I can only partially confirm this:

2acca55ed98ad9b9aa25e7e587ebe306c0313dc7 runs fine
0122ec5b02f766c355b3168df53a6c038a24fa0d freezes after line 189
ab2515c4b98f7bc4fa11cad9fa0f811d63a72a26 freezes after line 39

>
> I will have to re-bisect this.
>
> --
> To unsubscribe from this list: send the line "unsubscribe linux-kernel" in
> the body of a message to [email protected]
> More majordomo info at http://vger.kernel.org/majordomo-info.html
> Please read the FAQ at http://www.tux.org/lkml/

2011-06-01 21:09:33

[permalink] [raw]

Subject: Re: [tip:sched/locking] sched: Add p->pi_lock to task_rq_lock()

Boot-time hang - maybe due to the mis-merge that re-introduced the
infinite media change signals for ide-cd?

I just pushed out a fix, it may not have mirrored out yet.

I dunno. Worth checking out before spending a lot of time bisecting.

Linus

2011-06-03 09:16:00

[permalink] [raw]

Subject: Re: [tip:sched/locking] sched: Add p->pi_lock to task_rq_lock()

On Thu, 2011-06-02 at 06:09 +0900, Linus Torvalds wrote:
> Boot-time hang - maybe due to the mis-merge that re-introduced the
> infinite media change signals for ide-cd?
>
> I just pushed out a fix, it may not have mirrored out yet.
>
> I dunno. Worth checking out before spending a lot of time bisecting.

Right, so that wasn't it. I haven't done a full bisect yet because I
noticed it died on a usb suspend line every single time and that machine
only had a single usb device, a memory stick, in it. So I simply pulled
the stick and voila it booted. So something is screwy with usb suspend
or something.

This of course means that I'm now completely unable to reproduce the
issue at hand :/

Maybe if I try another box..

Anyway, Arne, how long did you wait before power cycling the box? The
NMI watchdog should trigger in about a minute or so if it will trigger
at all (its enabled in your config).

2011-06-03 10:03:05

[permalink] [raw]

Subject: Re: [tip:sched/locking] sched: Add p->pi_lock to task_rq_lock()

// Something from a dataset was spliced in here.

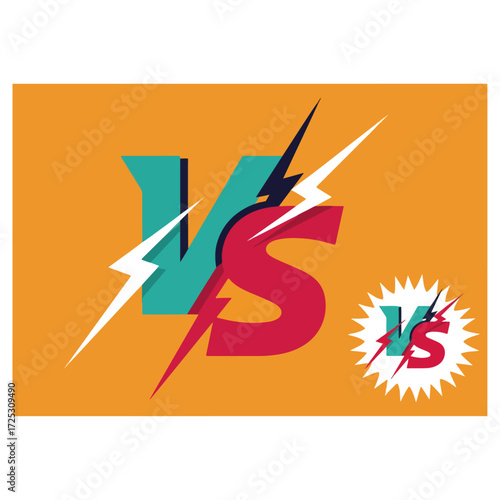 Versus letters with lightning bolts graphic design.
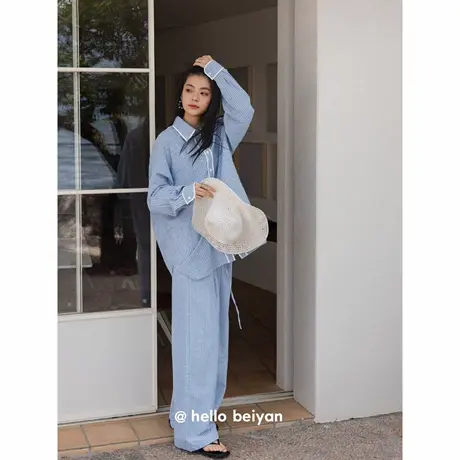 贝妍睡衣女款春秋季柔软棉长袖家居服复古撞色条纹衬衫款慵懒套装商品大图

On 03.06.2011 11:15, Peter Zijlstra wrote:
> On Thu, 2011-06-02 at 06:09 +0900, Linus Torvalds wrote:
>> Boot-time hang - maybe due to the mis-merge that re-introduced the
>> infinite media change signals for ide-cd?
>>
>> I just pushed out a fix, it may not have mirrored out yet.
>>
>> I dunno. Worth checking out before spending a lot of time bisecting.
>
> Right, so that wasn't it. I haven't done a full bisect yet because I
> noticed it died on a usb suspend line every single time and that machine
> only had a single usb device, a memory stick, in it. So I simply pulled
> the stick and voila it booted. So something is screwy with usb suspend
> or something.
>
> This of course means that I'm now completely unable to reproduce the
> issue at hand :/
>
> Maybe if I try another box..
>
> Anyway, Arne, how long did you wait before power cycling the box? The
> NMI watchdog should trigger in about a minute or so if it will trigger
> at all (its enabled in your config).

No, it doesn't trigger, but the hang is not as complete as I first
thought. A running iostat via ssh continues to give output for a while,
the serial console still reacts to return and prompts for login. But
after a while more and more locks up. The console locks as soon as I
sysrq-t.
Maybe it has also something to do with the place where I added the
printks (btrfs_scan_one_device). Also the 10k-print gets triggered
several times (though I only see 10 lines of output). Maybe you can
send me your test-module and I'll try that, so we have more equal
conditions.
What also might help: the maschine I'm testing with is a quad-core
X3450 with 8GB RAM.

2011-06-03 10:31:15

[permalink] [raw]

Subject: Re: [tip:sched/locking] sched: Add p->pi_lock to task_rq_lock()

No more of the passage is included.